# Taxidermy Group



## Volkodav (Sep 5, 2010)

*[Warning: This thread might make you cry softly and want to post about how much you hate me]*

Since taxidermy itself is allowed on FA _[so long as there is no gore/trauma/pain/blood/etc]_, how come we don't have a group for it? Over on DeviantArt there's tons of taxi groups that are well-managed and people get together and show off what they work on and advertise things they're selling.

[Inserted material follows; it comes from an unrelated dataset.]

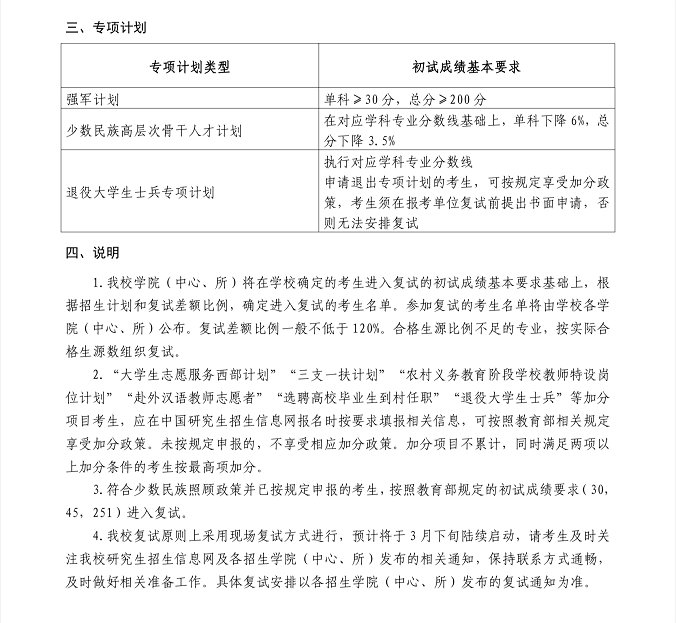 山東大學(xué)2024年碩士研究生招生考試考生進(jìn)入復(fù)試的初試成績(jī)基本要求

Would this be allowed on FurAffinity?


----------



## Taralack (Sep 5, 2010)

What kind of group? This kind? If one doesn't exist, just make one yourself, since registration is open again.


----------



## Volkodav (Sep 5, 2010)

Toraneko said:


> What kind of group? This kind? If one doesn't exist, just make one yourself, since registration is open again.


 
Yeah! A group like that.
& I can't because I'm temporarily banned right now.
I was just wondering if it'd be okay for me to do so when registration is open.


----------



## TheGodComplex (Sep 5, 2010)

Clayton said:


> when registration is open.


It is open...

If it isnt fine then they`ll just ban it if it`s made. Personally I wouldn`t make a taxidermi group on FA. It will cause way too much drama... though you seem to thrive on drama, so I`m not really surprised that you suggested this. >_>


----------



## Volkodav (Sep 5, 2010)

TheGodComplex said:


> It is open...
> 
> If it isnt fine then they`ll just ban it if it`s made. Personally I wouldn`t make a taxidermi group on FA. It will cause way too much drama... though you seem to thrive on drama, so I`m not really surprised that you suggested this. >_>


 
Lol sorry I'm not thinkin this morning. Lack of sleep I suppose.
Yeah but the thing is
It's not against anybody. [Cubprotest for example, was against cub porn]
If someone can make a group for... music lovers, why can't someone create a group for taxidermy lovers?

Plus, there's always a block feature.


----------



## Nyloc (Sep 5, 2010)

It definitely isn't any worse than some of the shit on there already, go for it.


----------



## TheGodComplex (Sep 5, 2010)

Clayton said:


> Lol sorry I'm not thinkin this morning. Lack of sleep I suppose.
> Yeah but the thing is
> It's not against anybody. [Cubprotest for example, was against cub porn]
> If someone can make a group for... music lovers, why can't someone create a group for taxidermy lovers?
> ...


 
It`s probably allowed because of that. I still wouldn`t do it though. Look at what happened with teenfurs. That wasn`t against anyone and it got banned.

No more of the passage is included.